< Zacharia 2 >
1 Wederom hief ik mijn ogen op, en ik zag; en ziet, er was een man, en in zijn hand was een meetsnoer.
Ngaphakamisa amehlo ami futhi, ngabona, khangela-ke umuntu, olentambo yokulinganisa esandleni sakhe.
2 En ik zeide: Waar gaat gij henen? En hij zeide tot mij: Om Jeruzalem te meten; om te zien, hoe groot haar breedte, en hoe groot haar lengte wezen zal.
Ngasengisithi: Uya ngaphi? Wasesithi kimi: Ukuyalinganisa iJerusalema, ukubona ukuthi bungakanani ububanzi bayo, lokuthi bungakanani ubude bayo.
3 En ziet, de Engel, Die met mij sprak, ging uit; en een andere Engel ging uit, hem tegemoet.
Khangela-ke, ingilosi eyayikhuluma lami yaphuma, lenye ingilosi yaphuma ukuyihlangabeza.
4 En hij zeide tot hem: Loop, spreek dezen jongeling aan, zeggende: Jeruzalem zal dorpsgewijze bewoond worden, vanwege de veelheid der mensen en der beesten, die in het midden derzelve wezen zal.
Yathi kuyo: Gijima, ukhulume lalelijaha usithi: IJerusalema izahlalwa njengemizi engelamiduli ngenxa yobunengi babantu lezifuyo okuphakathi kwayo.
5 En Ik zal haar wezen, spreekt de HEERE, een vurige muur rondom; en Ik zal tot heerlijkheid wezen in het midden van haar.

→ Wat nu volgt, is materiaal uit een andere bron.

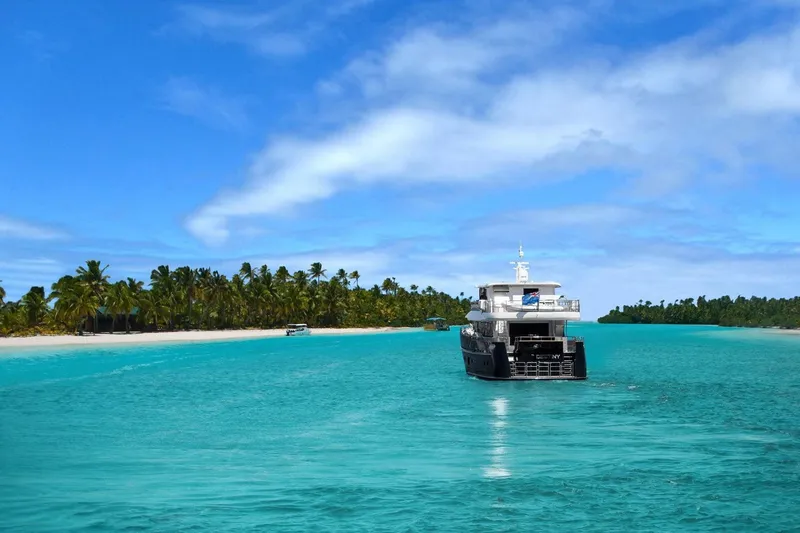 Slide: The Image of Fifth Ocean Yachts 24m Explorer Yacht cruising in turquoise waters near a tropical island, 2014. - 91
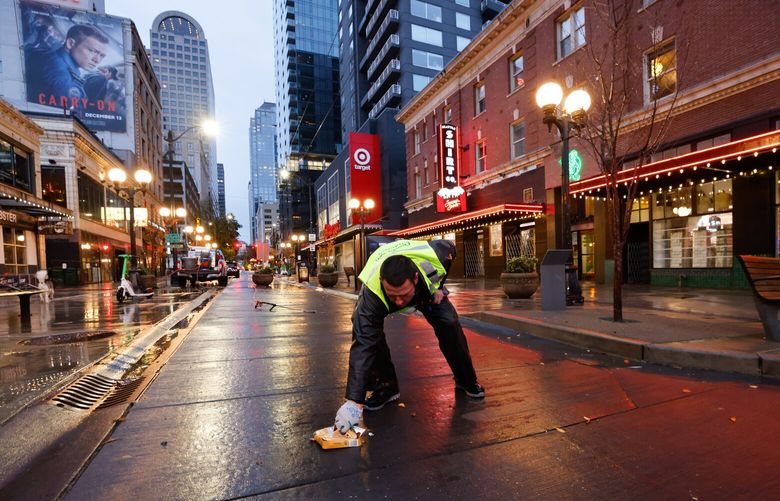 Michael Hegewald, assistant supervisor for the Metropolitan Improvement Project, picks up garbage as he cleans city streets at Pike Plaza at 1st Ave and Pike St. in Seattle on Wednesday, November 27, 2024. “Its an everyday work in progress,” he says. “We enjoy doing it.” Michael says they are in charge of cleaning 301 blocks downtown – from the waterfront to the freeway, from Denny Way to Royal Brougham – 363 days a year (only off for Thanksgiving and Christmas)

Ngoba mina, itsho iNkosi, ngizakuba kuyo ngumduli womlilo inhlangothi zonke, ngibe yinkazimulo phakathi kwayo.
6 Hui, hui, vliedt toch uit het Noorderland, spreekt de HEERE; want Ik heb ulieden uitgebreid naar de vier winden des hemels, spreekt de HEERE.
Heyi, heyi! Balekani-ke lisuke elizweni lenyakatho, itsho iNkosi; ngoba ngilihlakazile njengemimoya yomine yamazulu, itsho iNkosi.
7 Hui, Sion! ontkomt gij, die woont bij de dochter van Babel!
Heyi, Ziyoni, phunyuka, wena ohlala lendodakazi yeBhabhiloni!
8 Want zo zegt de HEERE der heirscharen: Naar de heerlijkheid over u, heeft Hij mij gezonden tot die heidenen, die ulieden beroofd hebben; want die ulieden aanraakt, die raakt Zijn oogappel aan.
Ngoba itsho njalo iNkosi yamabandla: Emva kwenkazimulo yangithuma ezizweni ezaliphangayo; ngoba olithintayo uthinta inhlamvu yelihlo layo.
9 Want ziet, Ik zal Mijn hand over henlieden bewegen, en zij zullen hunnen knechten een roof wezen. Alzo zult gijlieden weten, dat de HEERE der heirscharen mij gezonden heeft.
Ngoba, khangela, ngizanyikinya isandla sami phezu kwazo, njalo zizakuba yimpango kuzo izinceku zabo; njalo lizakwazi ukuthi iNkosi yamabandla ingithumile.
10 Juich en verblijd u, gij dochter Sions; want zie, Ik kom, en Ik zal in het midden van u wonen, spreekt de HEERE.
Hlabelela uthokoze, ndodakazi yeZiyoni; ngoba, khangela ngiyeza, njalo ngizahlala phakathi kwakho, itsho iNkosi.
11 En vele heidenen zullen te dien dage den HEERE toegevoegd worden, en zij zullen Mij tot een volk wezen; en Ik zal in het midden van u wonen; en gij zult weten, dat de HEERE der heirscharen mij tot u gezonden heeft.
Lezizwe ezinengi zizahlanganiswa leNkosi ngalolosuku, zibe ngabantu bami; njalo ngizahlala phakathi kwakho, njalo uzakwazi ukuthi iNkosi yamabandla ingithumile kuwe.
12 Dan zal de HEERE Juda erven voor Zijn deel, in het heilige land, en Hij zal Jeruzalem nog verkiezen.
Njalo iNkosi izakudla ilifa lakoJuda isabelo sayo, elizweni elingcwele, ikhethe iJerusalema futhi.
13 Zwijg, alle vlees, voor het aangezicht des HEEREN! want Hij is ontwaakt uit Zijn heilige woning.
Thula, nyama yonke, phambi kweNkosi; ngoba ivusiwe endaweni yayo yokuhlala engcwele.